Given a dataset (x_i, y_i)_{i = 1, \cdots, n} \overset{\text{i.i.d.}}{\sim} \mu with independent and identically distributed (i.i.d.) samples from an unknown distribution \mu, the model’s performance can be assessed using a loss function \ell:
\mathcal{R}(f) = \mathbb{E}_{(x, y) \sim \mu}\left[ \ell(y, f(x)) \right].
In practice, the empirical risk is often considered instead:
\displaystyle \widehat{\mathcal{R}}_n(f) = \frac1n \sum_{i = 1}^n \ell(y_i, f(x_i)).
But how can we retrieve information on \mathcal{R}(f) from the sole knowledge of \widehat{\mathcal{R}}_n(f) ?
Generalization bounds consist in upper-bounding the difference between \mathcal{R}(f) and \widehat{\mathcal{R}}_n(f).
Generalization bounds
We focus on neural ODEs defined by
x'(t) = W(t) \sigma\left( A(t)x(t) + b(t) \right) for t\in[0, 1], where
W: [0, 1] \to \mathbb{R}^{d\times p}, A: [0, 1] \to \mathbb{R}^{p\times d}, b: [0, 1] \to \mathbb{R}^{p} are bounded functions, and where p is the width of the model.
The activation function \sigma: \mathbb{R} \to \mathbb{R} is assumed to be K_\sigma-Lipschitz and to satisfy \sigma(0) = 0 (e.g. ReLU: x \mapsto \max(x, 0) or \tanh, see Figure 1). The loss function \ell is assumed to be K_\ell-Lipschitz.
Figure 1. Examples of activation functions
To establish generalization bounds, we approximate any control \theta within a finite set of controls. This approximation allows us to simplify the problem by focusing on a finite number of scenarios (see Figure 2).
Using piecewise constant controls, we ensure our functions jump at specific points, which aligns with the continuous nature of neural ODEs derived from discrete-time ResNets.
The idea of the proof is, for every \varepsilon > 0, to find a finite number of controls \theta_1, \cdots, \theta_{\mathcal{N}(\varepsilon)} such that \forall\theta\in\Theta, \exists i \in \left\{ 1, \cdots, \mathcal{N}(\varepsilon) \right\}, \| \theta - \theta_i \| \leq \varepsilon.

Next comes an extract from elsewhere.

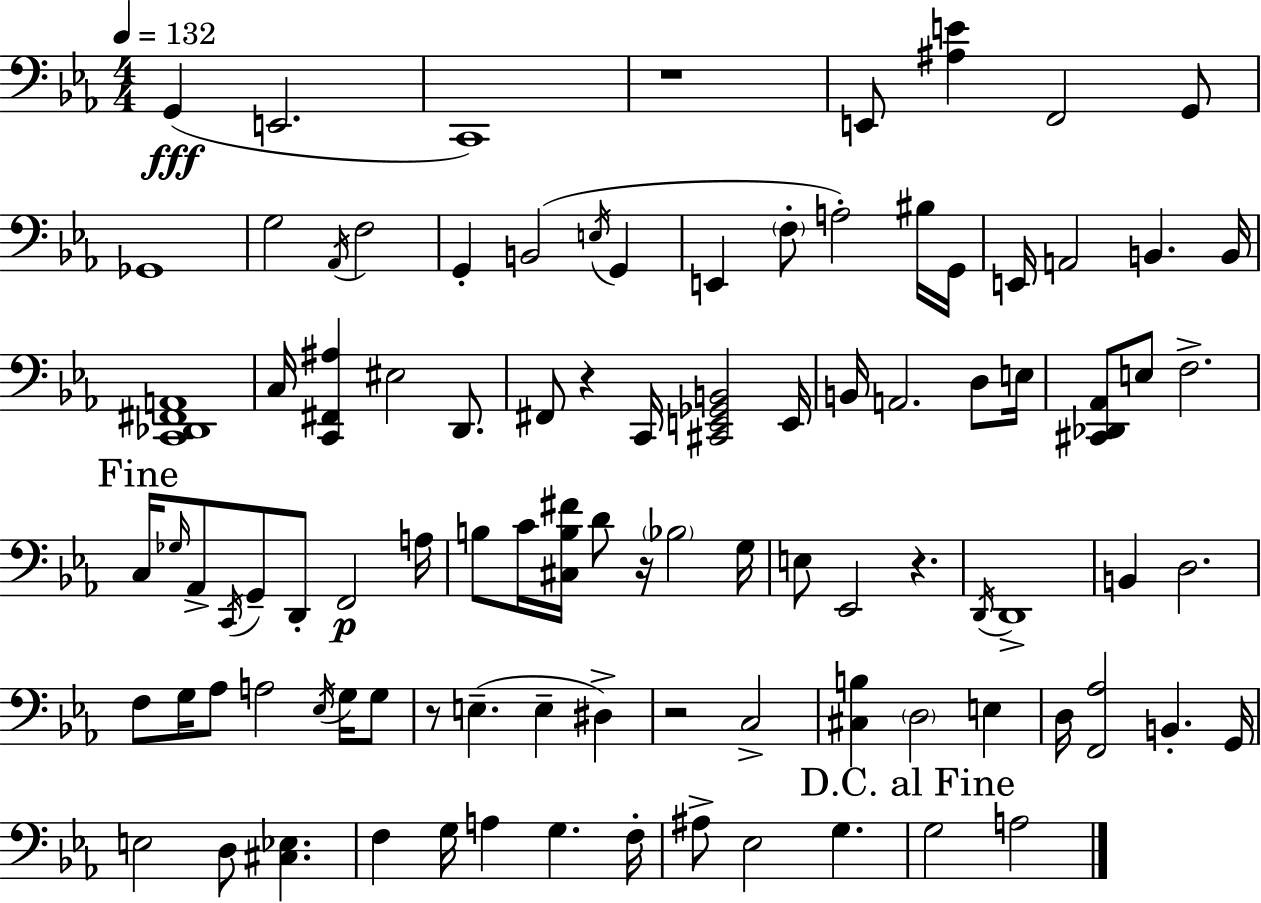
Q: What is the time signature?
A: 4/4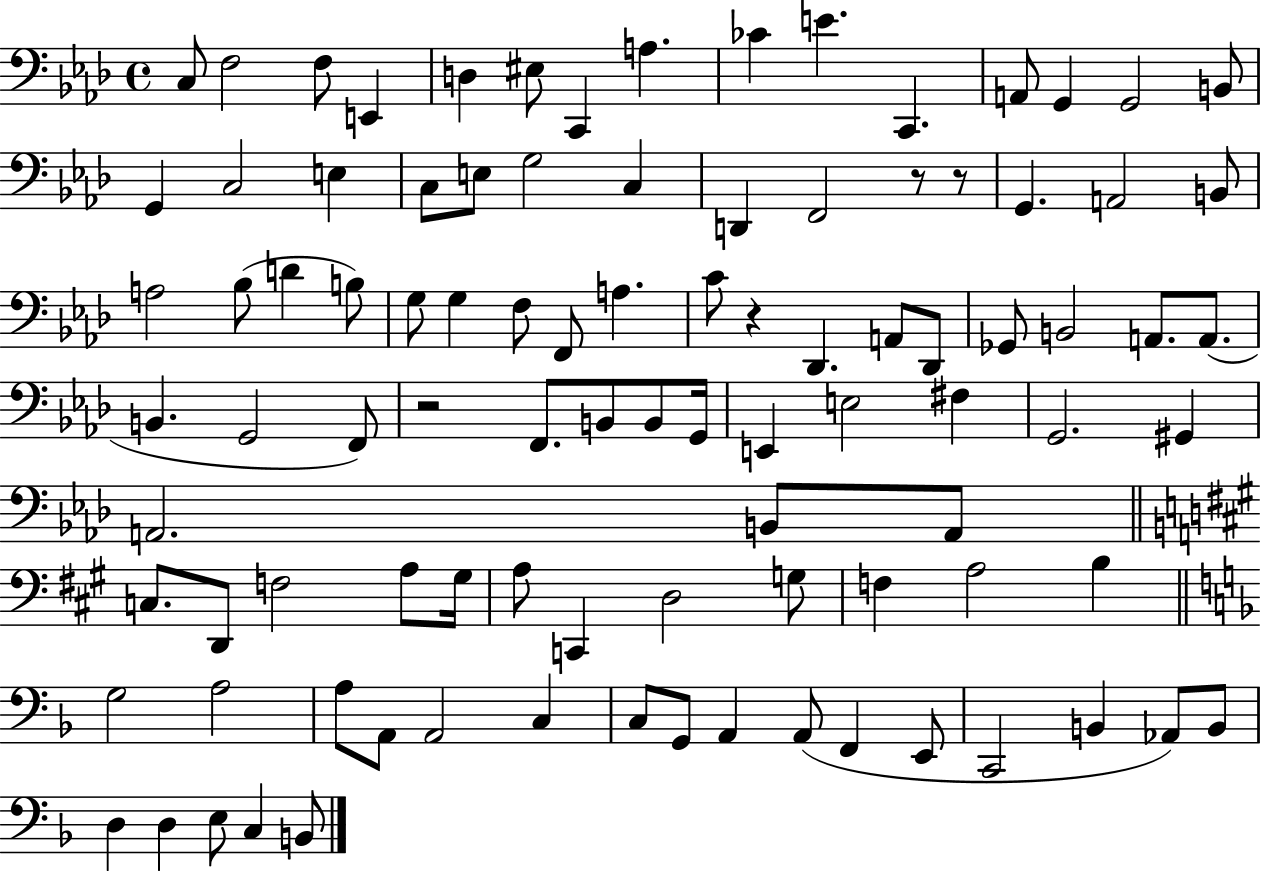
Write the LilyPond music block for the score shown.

Why? Because under our assumptions, one can prove that both \mathcal{R} and \widehat{\mathcal{R}}_n are C-Lipschitz for some C > 0. Then for every \theta\in\Theta, if \| \theta - \theta_i \| \leq \varepsilon,
\begin{aligned} \left| \mathcal{R}(\theta) - \widehat{\mathcal{R}}_n(\theta) \right| & \leq \left| \mathcal{R}(\theta) - \mathcal{R}(\theta_i) \right| + \left| \mathcal{R}(\theta_i) - \widehat{\mathcal{R}}_n(\theta_i) \right| + \left| \widehat{\mathcal{R}}_n(\theta_i) - \widehat{\mathcal{R}}_n(\theta) \right| \\ & \leq 2C\varepsilon + \underset{j \in \{ 1, \cdots, \mathcal{N}(\varepsilon) \}}{\max} \left| \mathcal{R}(\theta_j) - \widehat{\mathcal{R}}_n(\theta_j) \right|. \end{aligned}
So instead of upper-bounding
\left| \mathcal{R}(\theta) - \widehat{\mathcal{R}}_n(\theta) \right|
for every \theta\in\Theta, one can do it only for a finite number of them.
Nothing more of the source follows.